Information provided: Begin
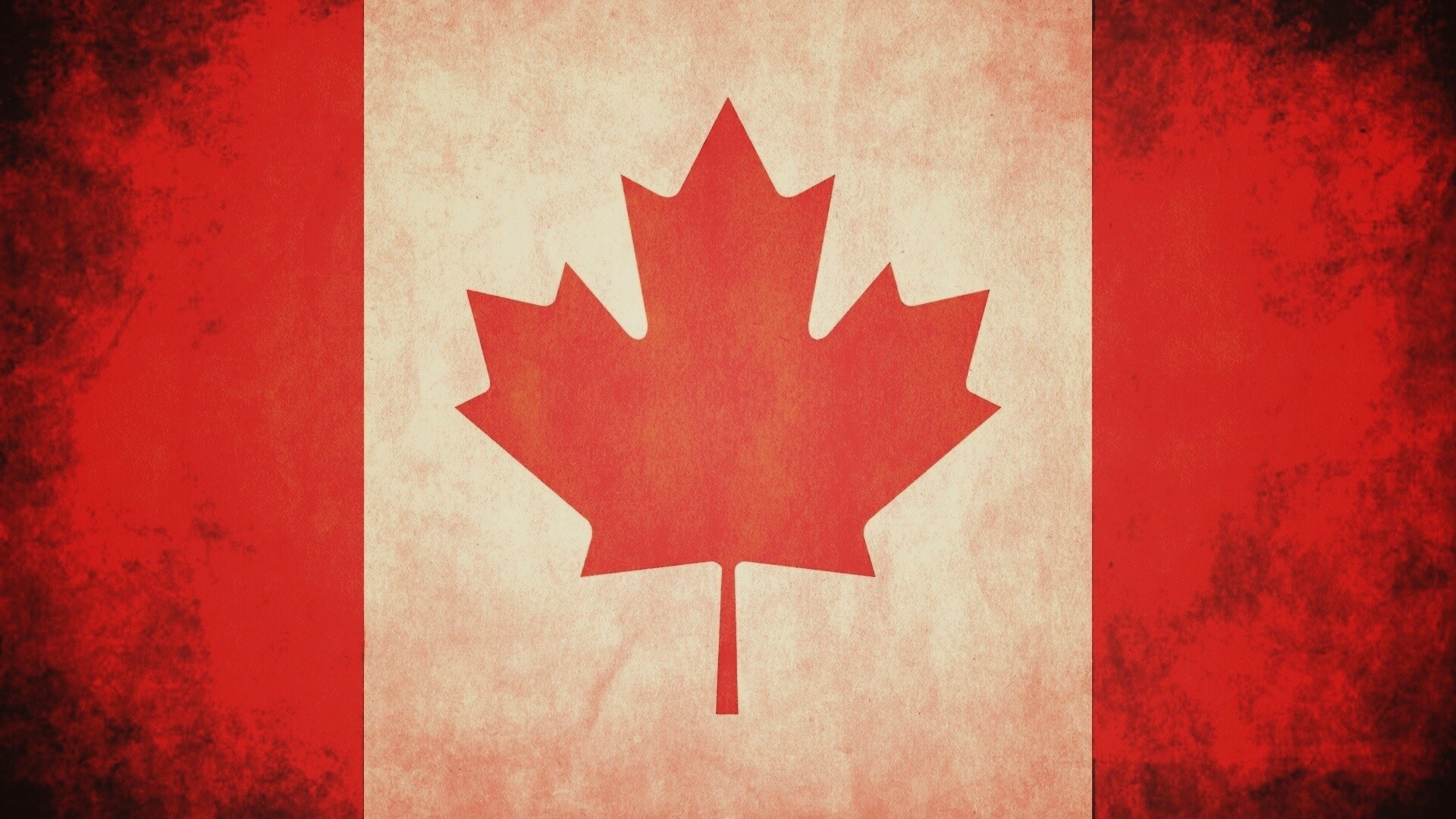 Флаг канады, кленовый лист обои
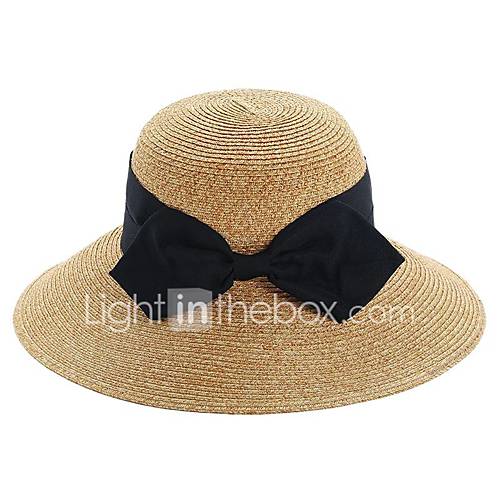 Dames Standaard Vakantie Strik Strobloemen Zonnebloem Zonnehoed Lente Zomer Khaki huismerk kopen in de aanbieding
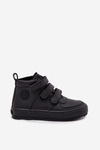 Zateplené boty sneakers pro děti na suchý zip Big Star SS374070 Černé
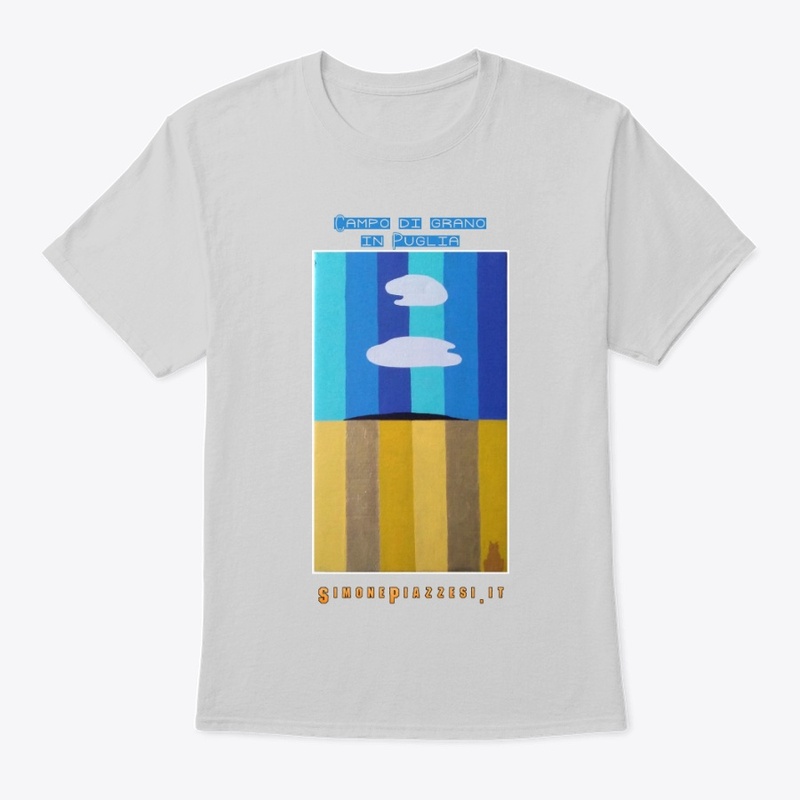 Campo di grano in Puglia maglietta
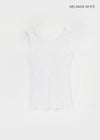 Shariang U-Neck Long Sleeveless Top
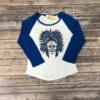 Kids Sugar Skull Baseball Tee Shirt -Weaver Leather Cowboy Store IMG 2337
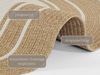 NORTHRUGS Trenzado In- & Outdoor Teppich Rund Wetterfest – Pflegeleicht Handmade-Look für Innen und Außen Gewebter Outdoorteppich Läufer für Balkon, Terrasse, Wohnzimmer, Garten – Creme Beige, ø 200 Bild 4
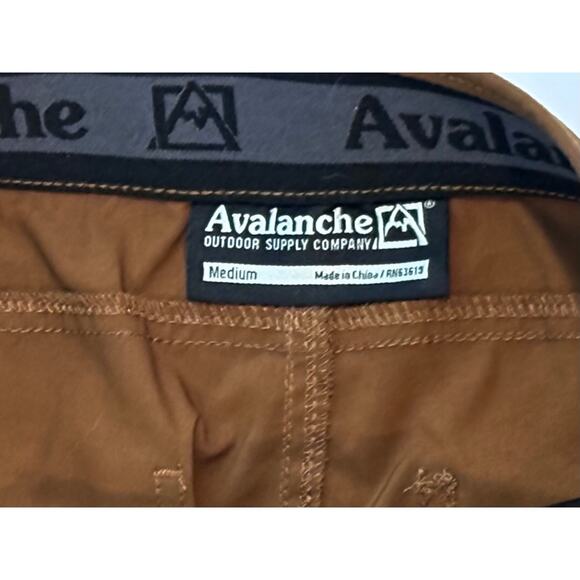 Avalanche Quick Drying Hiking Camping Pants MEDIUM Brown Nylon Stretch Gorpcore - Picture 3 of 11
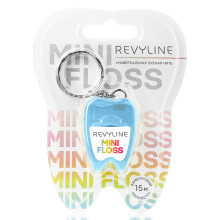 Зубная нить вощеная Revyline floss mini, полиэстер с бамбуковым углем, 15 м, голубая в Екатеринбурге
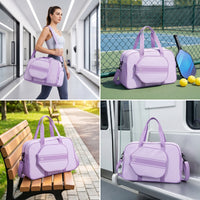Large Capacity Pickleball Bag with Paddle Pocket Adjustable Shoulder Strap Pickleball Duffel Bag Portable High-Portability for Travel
Information provided: End
Information provided: Begin
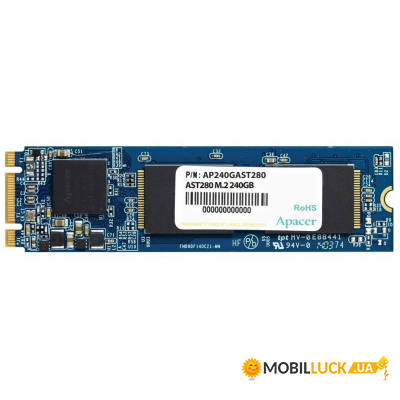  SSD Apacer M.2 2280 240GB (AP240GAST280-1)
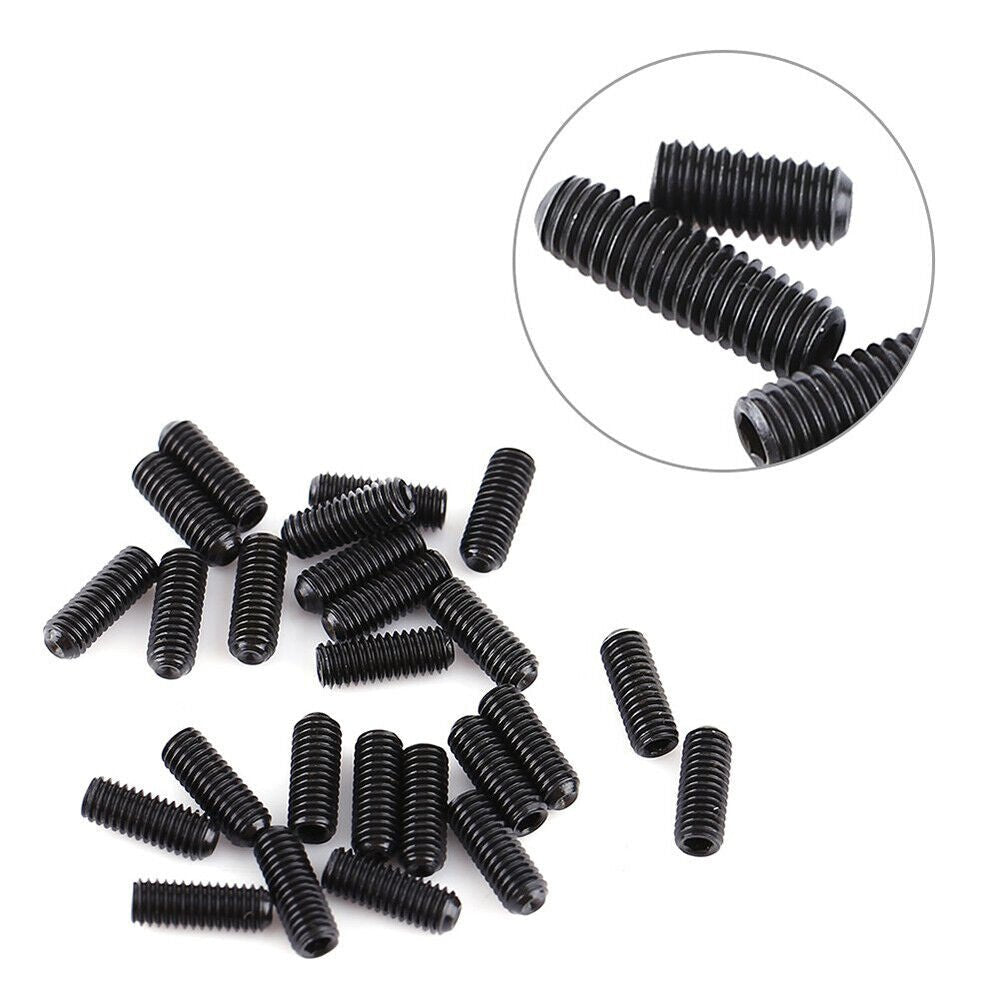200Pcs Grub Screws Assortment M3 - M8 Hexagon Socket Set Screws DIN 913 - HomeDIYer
Information provided: End
Your task: In the records above, everything from the line with "SSD Apacer M.2 2280 240GB (AP240GAST280-1)" down to the line with "200Pcs Grub Screws" is to be set down exactly, both ends included, with no pictures and no other lines.

Result of the task:
  SSD Apacer M.2 2280 240GB (AP240GAST280-1)
200Pcs Grub Screws Assortment M3 - M8 Hexagon Socket Set Screws DIN 913 - HomeDIYer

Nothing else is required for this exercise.